We heard a little chatter about this earlier in the month; apparently China is test flying its own vertical/short take-off and landing fighter jet dubbed the J-18. According to my old colleague Wendell Minnick at Defense News, the jet is similar in appearance to Russia’s Su-33 carrier based evolution of Sukhoi’s famous Su-27 line.

(The image above is a Soviet-designed Yak-141 VTOL fighter; recognize that rotating rear nozzle and forward lift-fan design?)

While the flight of a Chinese V/STOL aircraft is unconfirmed, the aircraft’s existence would make sense as Minnick’s article ably points out.

China’s defense industry is largely opaque and it is difficult to substantiate Internet chatter.
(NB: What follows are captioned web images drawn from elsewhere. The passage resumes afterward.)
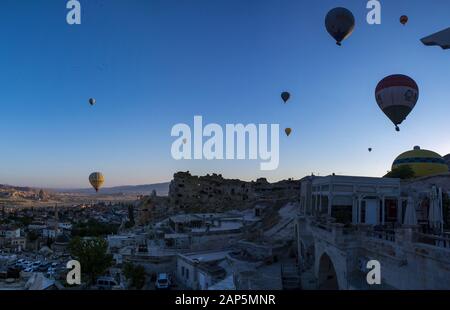 Kappadokien, Türkei: Heißluftballons im Morgengrauen auf der Kirche St. Johannes der Täufer (Burg Cavusin), berühmte Höhlenkirche aus dem 5. Jahrhundert auf dem Hügel Stockfoto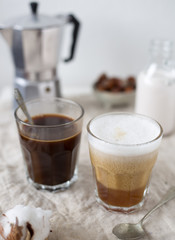 Hot latte and black coffee on white background. Morning concept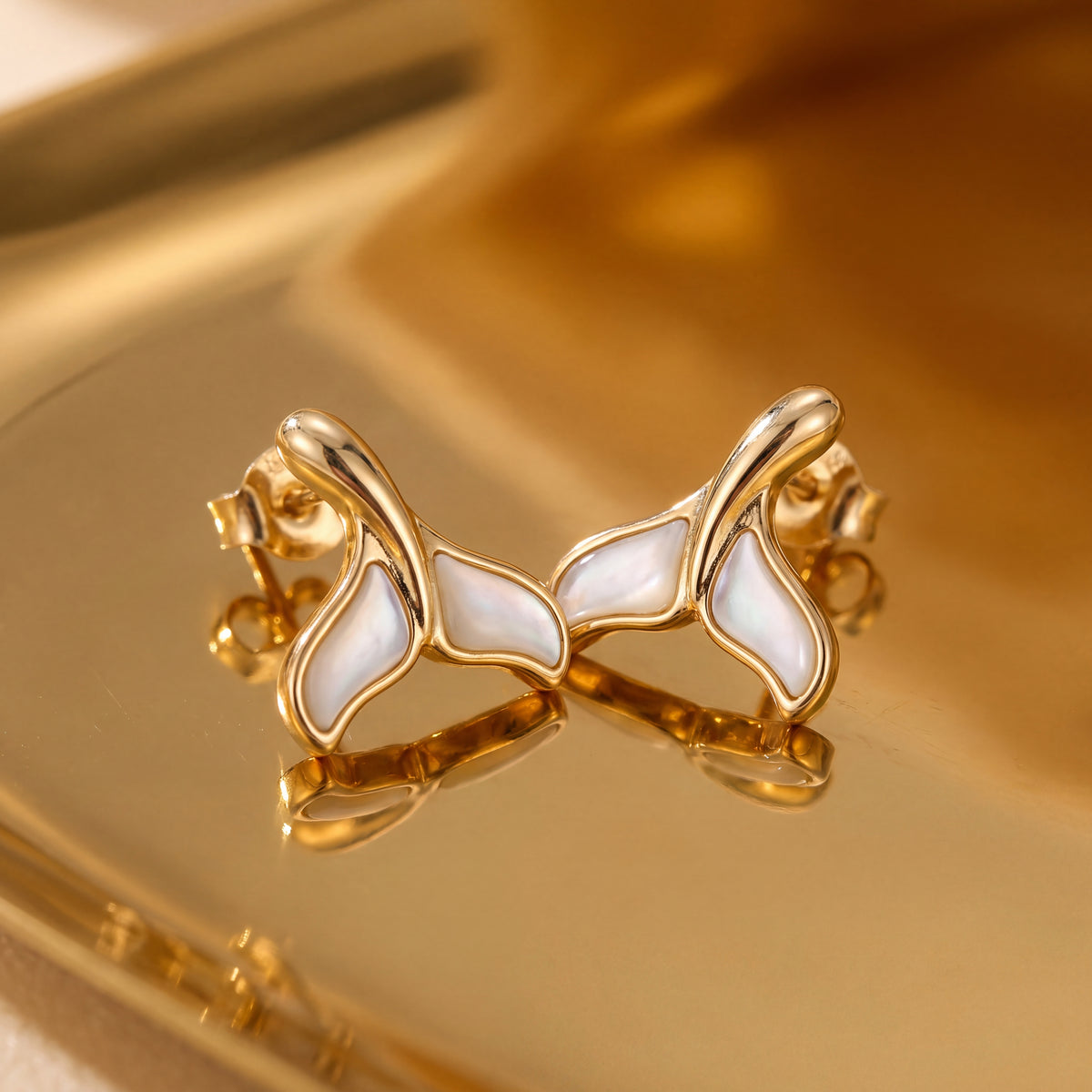 Pair of yellow gold whale tail stud earrings with white mother of pearl inlaid in the flukes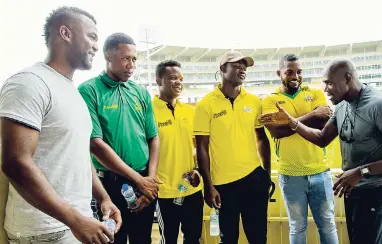  ??  ?? Gibbs Williams, Jamaica’s Lead Fitness Tester (right), has the full attention of Scorpion squad members from L-R: Aaron Johnson, Christoph Virgo (an U-19 player training with the Scorpions), Alwyn Williams, Aldain Thomas and Dennis Bulli.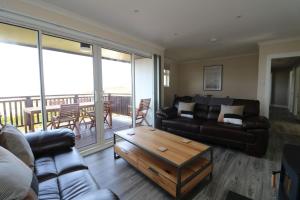 a living room with a couch and a coffee table at Borve House, Kilchoan in Kilchoan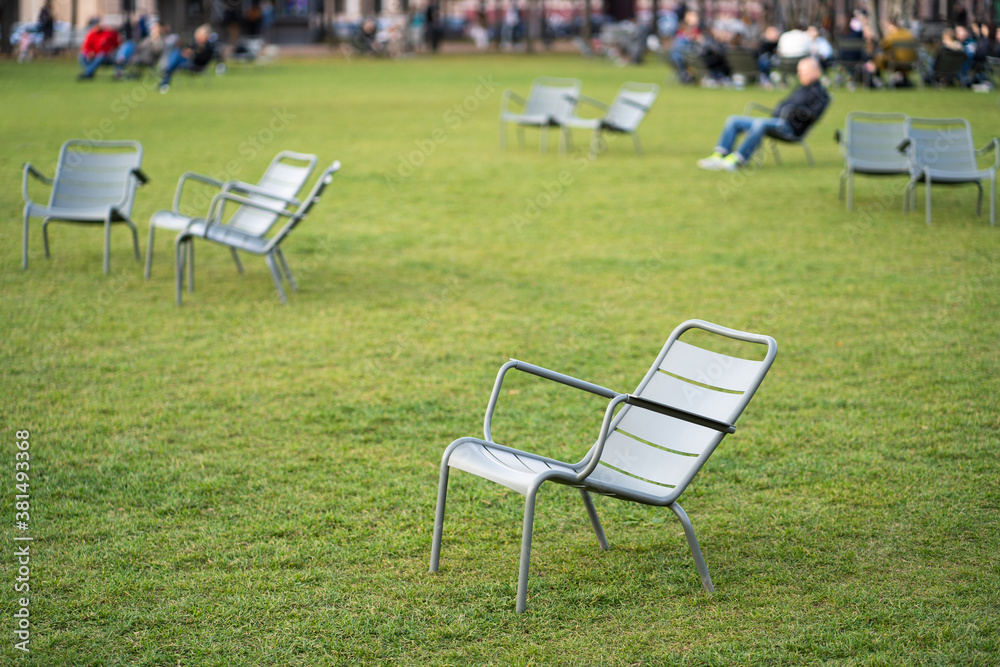 Green iron chairs on green lawn in empty public space. Autumn season. 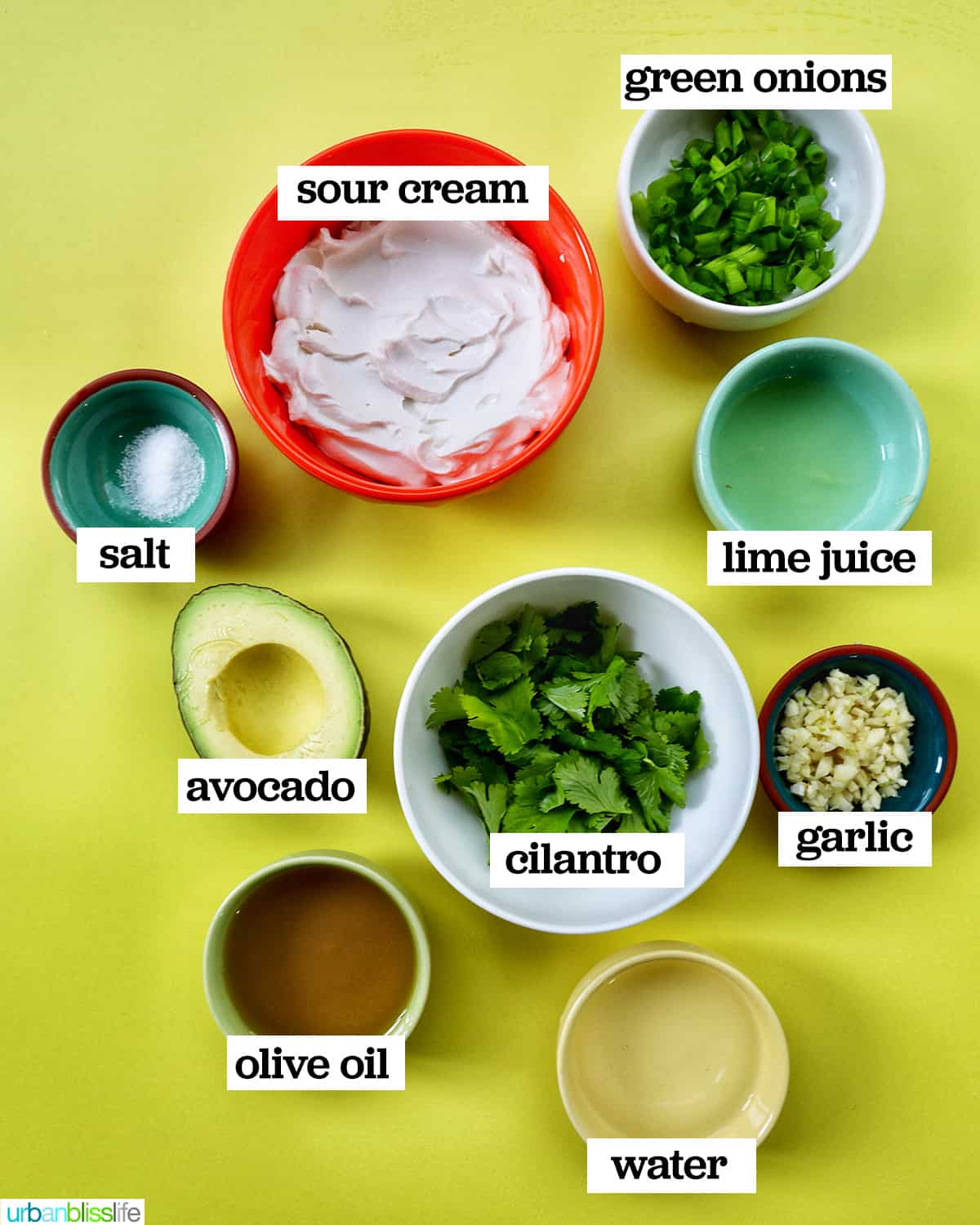bowls of ingredients to make avocado cilantro lime crema.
However, Chinese-language military blogs reported the first test flight of the stealthy J-20 Black Eagle fighter in January, much to the surprise of the Western media.

Now there are reports emerging of a test flight of the J-18. Tests were supposedly conducted earlier this month and the fighter is similar to the Sukhoi Su-33 carrier-based fighter.

“In 2005, a Chinese aviation industry source told me the Chengdu Aircraft Corporation was considering a F-35B-like program,” said Richard Fisher, vice president of the Washington-based International Assessment and Strategy Center. “Given the PLA’s naval power projection ambitions, it is probable there is VSTOL or STOVL [short takeoff and vertical landing] fighter program.”

We’ll see if this is true but, it does seem plausible given the fact that the PLAN is working to begin sea trials with its first carrier, the ex-Soviet Varyag, now known as the Shi Lang, soon. Yes, that ship might use the J-15, a Chinese version of the Su-33, as its carrier flight ops guinea pigs but who’s to say the PLAN doesn’t want to look into V/STOL operations off the ship as well.

Also, keep in mind that V/STOL jets like the F-35B and AV-8B Harrier are well suited for smaller carriers like the U.S. Navy’s Tarawa and Wasp class ships which are used to support amphibious assaults far from home. While the PLAN is rumored to be fielding at least three big deck carriers based on the Shi Lang, the arrival of a S/TOVL fighter may be a hint that Chinese officials are interested in developing smaller, expeditionary assault carriers as one more tool to ‘protect what is theirs,’ whatever that means. Remember, China is already refining the ground component of its amphibious assault force.